Going Branchless

Question

Going Branchless

mikey-b opened this issue 6 years ago · 5 comments

I'm not on a development computer at the moment, but some thoughts.

Sign Extend is called a lot, We could turn this into a branch free routine. (removes 41 instructions on compiler explorer output -O3).

uint16_t sign_extend(const uint16_t x, const int bit_count)
{
    uint16_t mask = -((x >> (bit_count - 1)) & 1);
    return x | (mask << bit_count);
}

We could also change the update_flags to be branchless (Saving another 40 instructions). Unfortunitely it would require changing the enum numbering which would break existing programs.

enum
{
    FL_ZRO = 0, /* Z */
    FL_POS = 1, /* P */
    FL_NEG = 3, /* N */
};
void update_flags(const uint16_t r)
{
    reg[R_COND] = ((reg[r] >> 14) & 2) | (reg[r] != 0);
}

Kind regards,
Mike Brown

Answer 1 · 2020-04-20T04:18:24.000Z

I can't speak for @justinmeiners, but I tend to avoid micro-optimizations like these unless I can prove that they provide significant benefits, especially when they come at the cost of less readable code or not conforming to a specification. I think this is especially relevant for this project, since it's meant to be an educational article that even beginning developers can follow.
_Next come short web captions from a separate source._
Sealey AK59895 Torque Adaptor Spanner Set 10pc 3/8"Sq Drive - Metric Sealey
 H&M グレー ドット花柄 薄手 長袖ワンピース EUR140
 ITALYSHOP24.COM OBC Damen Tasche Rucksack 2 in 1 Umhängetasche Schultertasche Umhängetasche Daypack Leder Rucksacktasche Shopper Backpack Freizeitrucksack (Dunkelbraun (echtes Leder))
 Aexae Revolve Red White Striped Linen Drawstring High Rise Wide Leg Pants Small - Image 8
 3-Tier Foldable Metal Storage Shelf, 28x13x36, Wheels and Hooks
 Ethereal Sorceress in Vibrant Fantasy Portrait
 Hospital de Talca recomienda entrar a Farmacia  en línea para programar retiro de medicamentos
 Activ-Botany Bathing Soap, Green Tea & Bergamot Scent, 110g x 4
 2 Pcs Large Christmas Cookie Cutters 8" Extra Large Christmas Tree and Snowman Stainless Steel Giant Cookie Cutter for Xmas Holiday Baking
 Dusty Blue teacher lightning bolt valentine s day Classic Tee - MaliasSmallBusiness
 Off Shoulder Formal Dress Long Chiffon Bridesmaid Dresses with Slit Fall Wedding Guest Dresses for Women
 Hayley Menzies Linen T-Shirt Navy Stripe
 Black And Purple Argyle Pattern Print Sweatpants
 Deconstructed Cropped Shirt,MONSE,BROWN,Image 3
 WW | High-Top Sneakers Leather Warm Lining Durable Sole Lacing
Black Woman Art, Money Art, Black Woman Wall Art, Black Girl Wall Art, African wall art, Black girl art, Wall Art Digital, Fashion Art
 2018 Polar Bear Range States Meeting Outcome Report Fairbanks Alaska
The sign_extend function is already pretty difficult to read, so I'm not necessarily opposed to including that change. I'm actually wondering if it would be better to replace it with something more readable though, even if it's not as performant. Additionally, it looks like Clang 8.0.0 actually produces less instructions with the current implementation than it does for the proposed one. It's also using conditional moves instead of branches, so that should be less of a performance concern.

As for the update_flags change, this codebase tries to follow the LC3 specification pretty closely, so I'm not sure if diverging from the spec just to remove a branch is worth it. The proposed change is also substantially more difficult to understand than the current implementation. For what it's worth, Clang 8.0.0 actually uses a conditional move instead of a branch for the current implementation of this function as well. It seems only GCC is using branches to implement these functions.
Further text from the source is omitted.